In a USA TODAY/CNN/Gallup Poll taken Friday through Sunday, more than half of those surveyed wanted to withdraw U.S. troops from Iraq within the next 12 months. In 1970, roughly half of those surveyed wanted to withdraw U.S. troops from Vietnam within 12 months. (Related: Poll results)
In both surveys, about one-third supported withdrawing troops over as many years as needed, and about one in 10 wanted to send more troops.
Arizona Sen. John McCain, a Republican, rejects any comparison with the Vietnam era.
"I wasn't in the United States in 1970," says McCain, a POW in Vietnam at the time. "But I am very aware of what happened in 1970. There's not massive demonstrations in the streets (now). There's not the kind of opposition - draft-card burning and all of that - (seen) during the height of the anti-war movement."
Still, McCain says he is "very worried" about polls showing waning support for the war. "I would not try to sugarcoat it. Some things need to be done better," he says.
Growing unease over the war in Iraq has been reflected in recent days on Capitol Hill, at the Pentagon and in foreign capitals.
In the Senate on Tuesday, Republicans defeated a Democratic proposal that called on Bush to outline a timetable for the phased withdrawal of U.S. troops. Republican leaders countered with their own non-binding resolution that urged next year "should be a period of significant transition to full Iraqi sovereignty."
"There's a growing desire to get out of Iraq, almost regardless of the consequences," says George Herring, a history professor emeritus at the University of Kentucky and author of America's Longest War: The United States and Vietnam, 1950-1975. "This is the way things began to develop in Vietnam after the fall of 1967."
In 1970, 56% said the decision to send troops to Vietnam was a mistake. (That number reached a high of 61% before direct American involvement in the war ended in 1973.) Now, 54% say the decision to send troops to Iraq was a mistake.
Split over war emerges in GOP
Declining support has its own consequences for Bush, making it harder for him to maintain party unity behind his policy, especially as the 2006 congressional elections approach.

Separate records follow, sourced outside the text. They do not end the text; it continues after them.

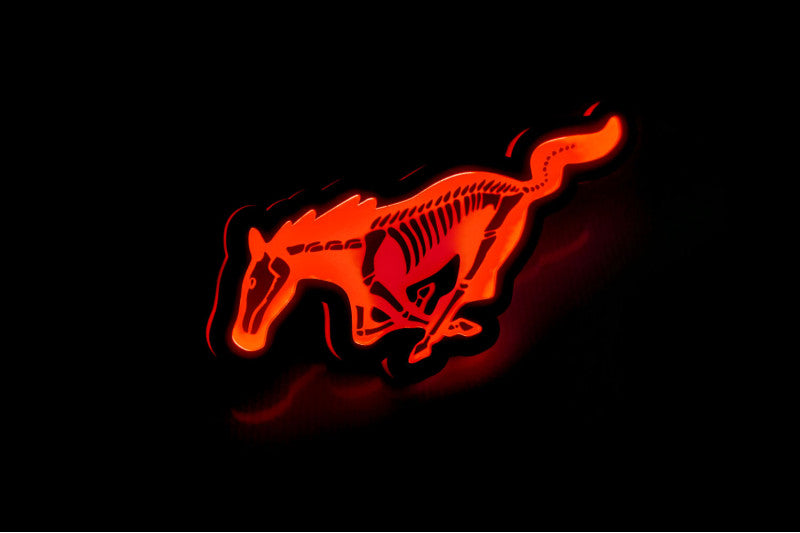 Ford Illuminated LED Radiator Grille Emblems and Badges with Mustang Horse Skeleton logo Ford Led Emblems decoinfabric
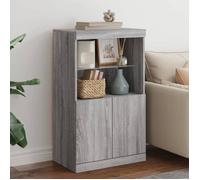 vidaXL Buffet LED – Armoire de rangement moderne Sonoma gris 60,5x37x100 cm
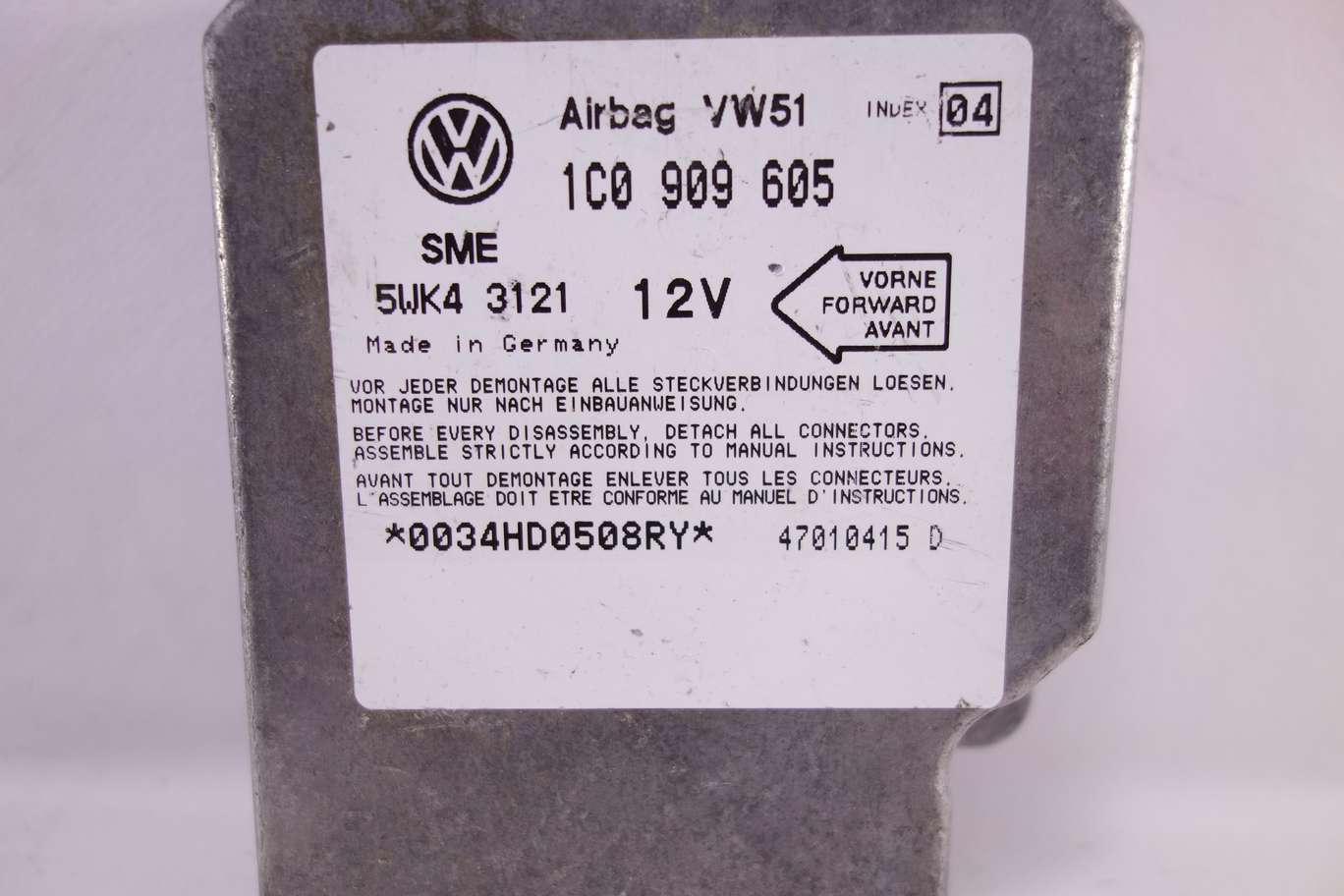 Centralita de airbag VW Golf 1C0909605 1C0 909 605 Siemens 5WK43121 04 - foto 2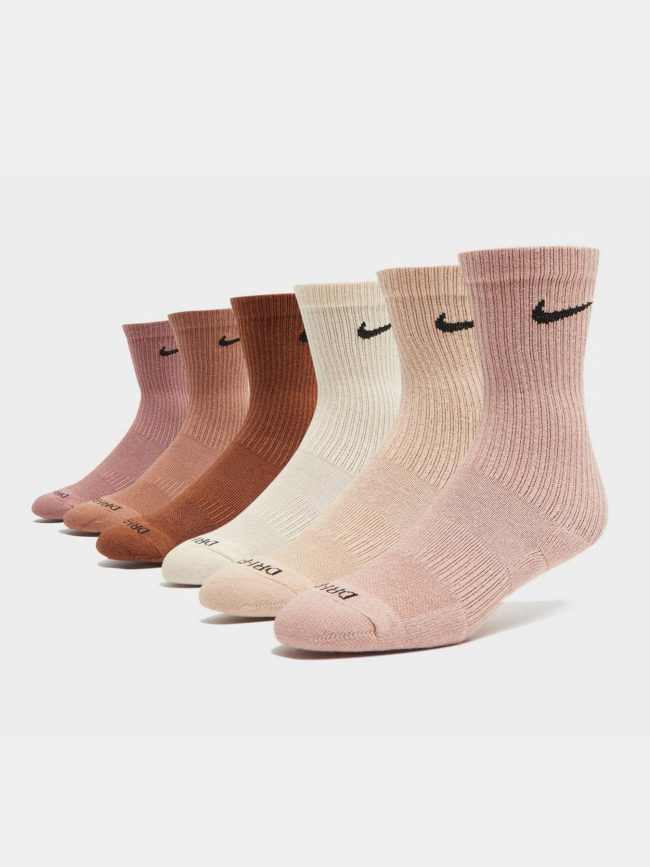 Pack de 6 paires de chaussettes crew marron beige adulte - Nike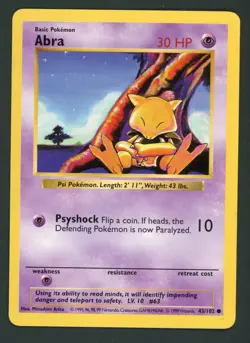 Abra Pokemon Card Base Set (Shadowless) 043/102 MP Pokemon TCG NM - Image 1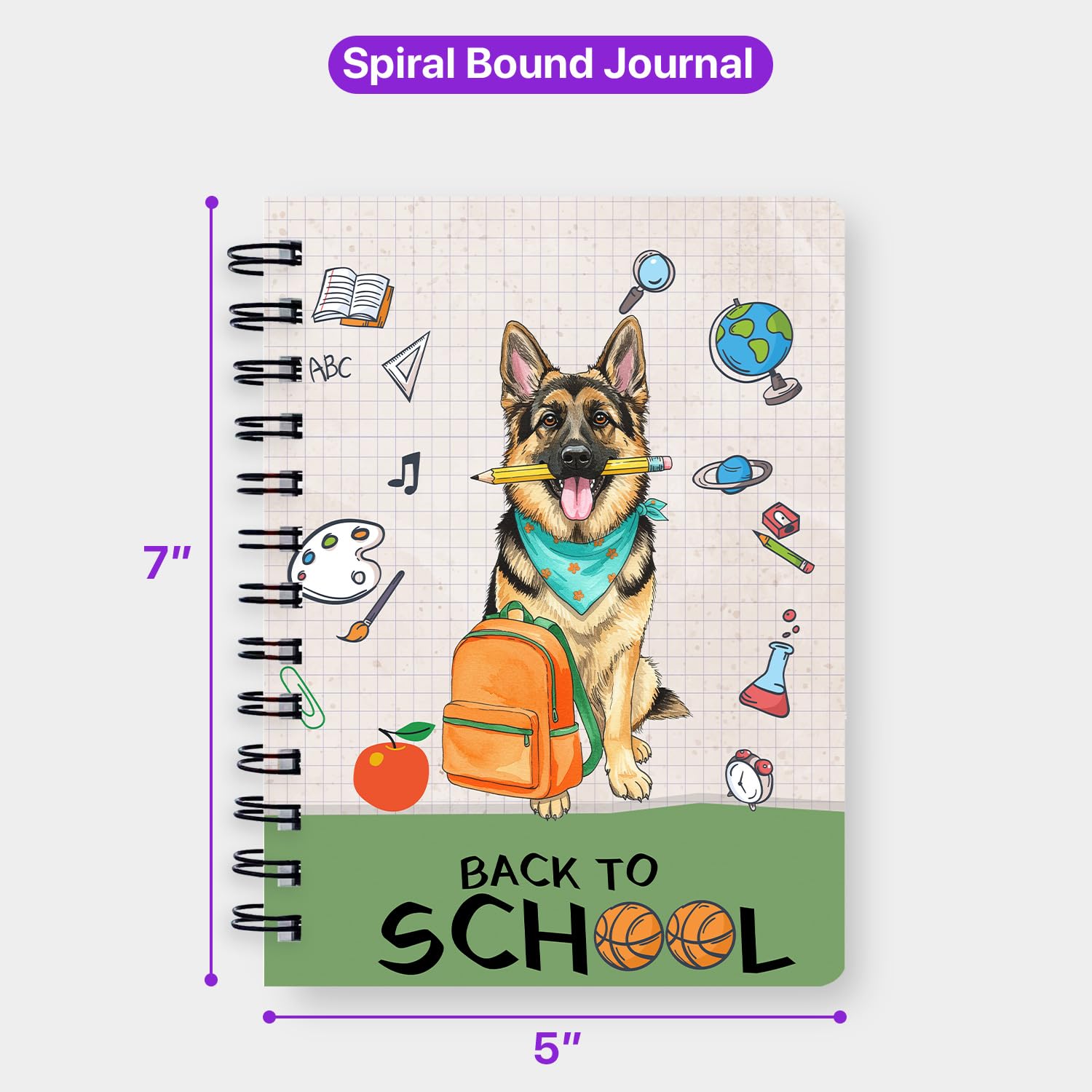 Ninety3POD Hardworking German Shepherd Ready Back to School New Year Classes Spiral Bound Journal Alsatian Dog Lover Gifts 5x7in Spiral Notebook 12011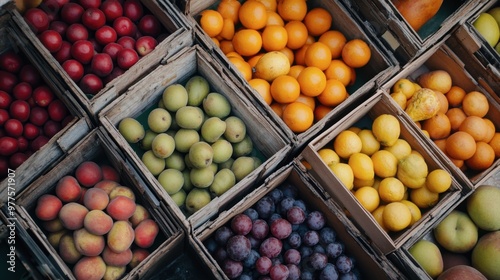 A top-down shot of a fruit market stall with a variety of vibrant, fresh fruits displayed in wooden crates.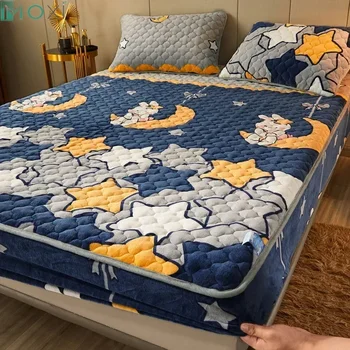 120x200 Thicken Bedsheet Velvet Fitted Sheet for Home Warm Mattress Cover Queen Size Fundas De Colchón (Pillowcase Need Order)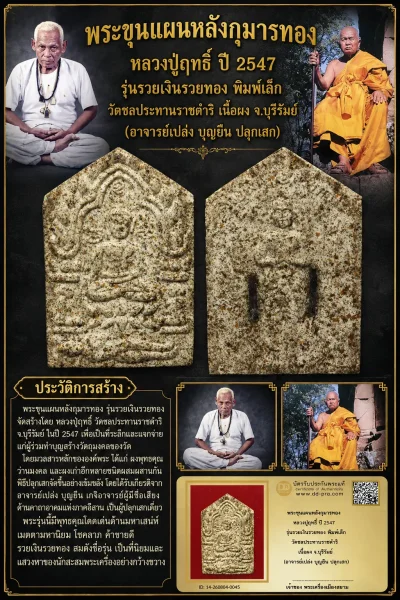 +++ เริ่มประมูล พระแท้ๆ 40 ครับ หายากมาก ครับ พระขุนแผนหลังกุมารทอง หลวงปู่ฤทธิ์ ปี 2547 รุ่นรวยเงินรวยทอง พิมพ์เล็ก วัดชลประทานราชดำริ เนื้อผง จ.บุรีรัมย์ (อาจารย์ เปล่ง บุญยืน ทุนมาแพง ** ตัวจริงเสียงจริง *** แท้ดูง่ายครับ +++ ข้อมูลตามบัตรรับประกัน +++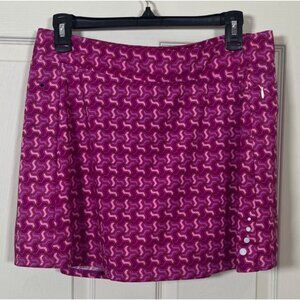 L.L. Bean Womens Athletic Skort Pink Geometric Print Built-In Shorts M Reg Polye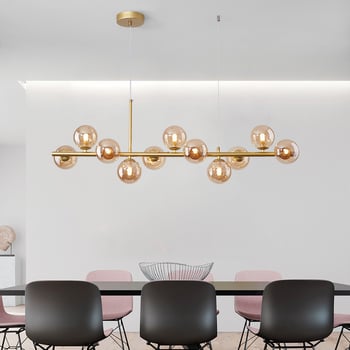 Dizajnový reštaurčný luster, postmoderný minimalistický, dlhý sklenený luster v škandinávskom štýle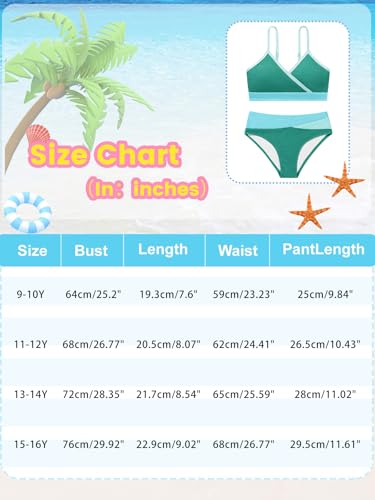 Image of Girl's 2 Piece Swimsuit Solid Spaghetti Strap Bikini Sets Beach Bathing Suit Swimwear for Teen Girls
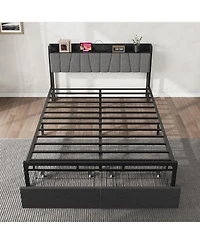 gaomon Queen Industrial Platform Bed with Storage Headboard, 2 Drawers & Charging Station, No Box Spring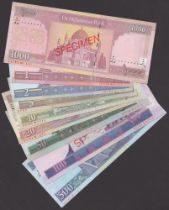 Afghanistan Bank, a full specimen set of the SH1381-83 (2002-04) issue, comprising 1, 2, 5,...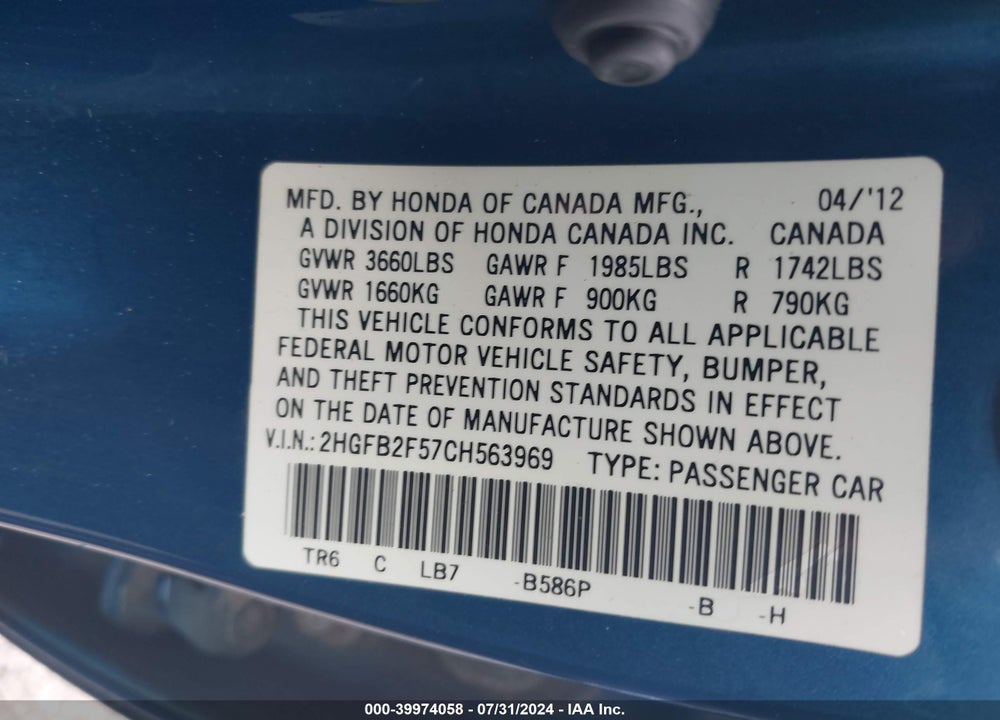 2012 HONDA CIVIC LX VIN: 2HGFB2F57CH563969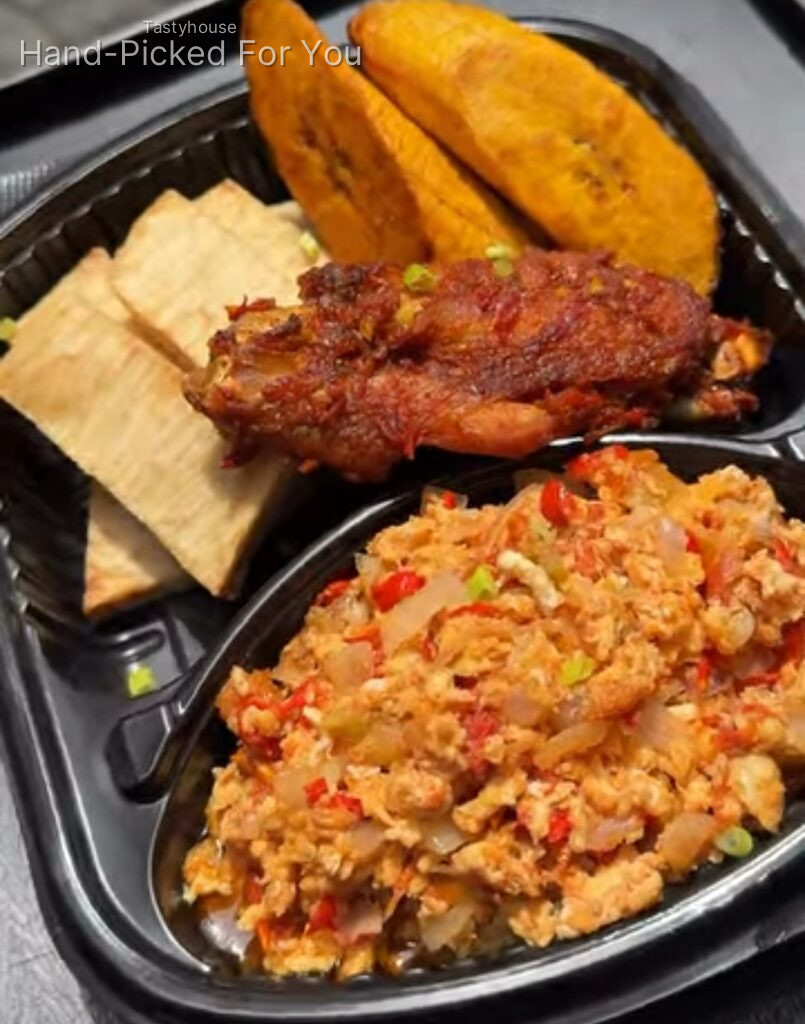 Yam & Plantain Fries, Turkey & Egg Sauce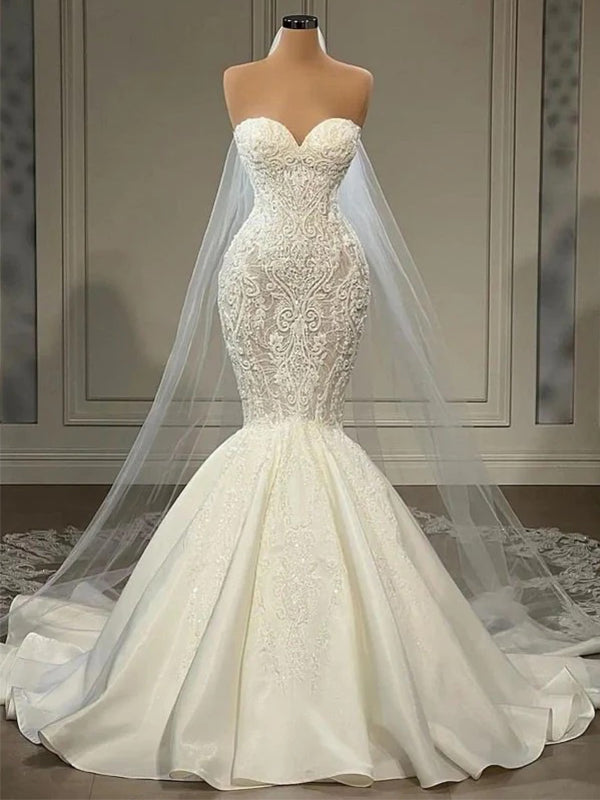 Elegant Strapless Mermaid Satin Floor Length Wedding dress, WD0432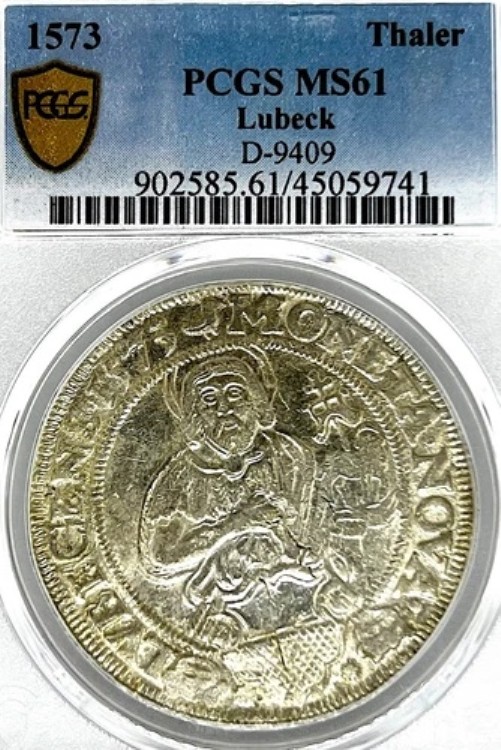 ドイツ諸州リューベック 1573 ターラーコイン ターラー PCGS MS 61 VZ/F.STG UNC レア トップポップ
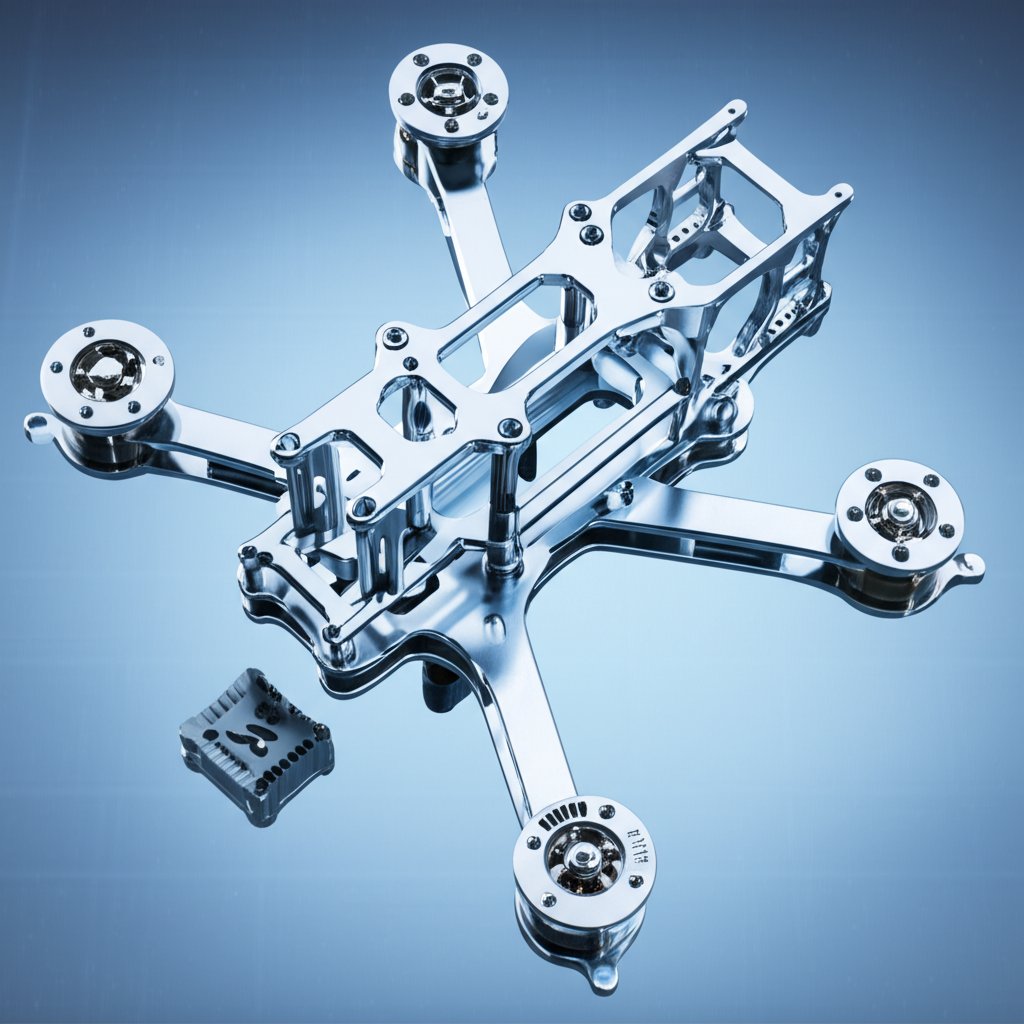exploded view diagram showing common drone components made with cnc machining
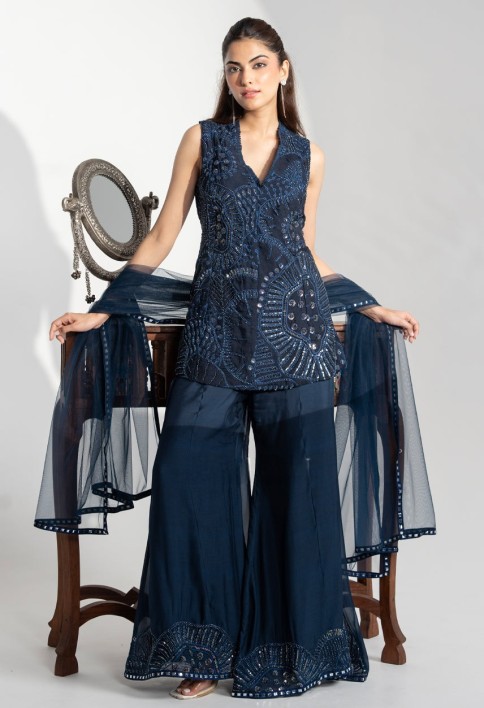 Blue Hour Elegance-Palazzo Set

"Politicians get twitchy when the poll numbers shift," says John Pitney, a former House Republican staffer and political scientist at Claremont-McKenna College in Claremont, Calif.
"The No. 1 instinct in politics is survival," says Andrew Kohut, director of the non-partisan Pew Research Center. With sagging approval ratings for Bush and for his handling of Iraq, the president is "going to have a much harder time than he's had so far in ... keeping people close to him," Kohut says.
Opposition to the war crosses party lines.
In the latest USA TODAY poll, a record 60% of those surveyed, including one in four Republicans, said the war wasn't "worth it." One in five Republicans said the invasion of Iraq was "a mistake."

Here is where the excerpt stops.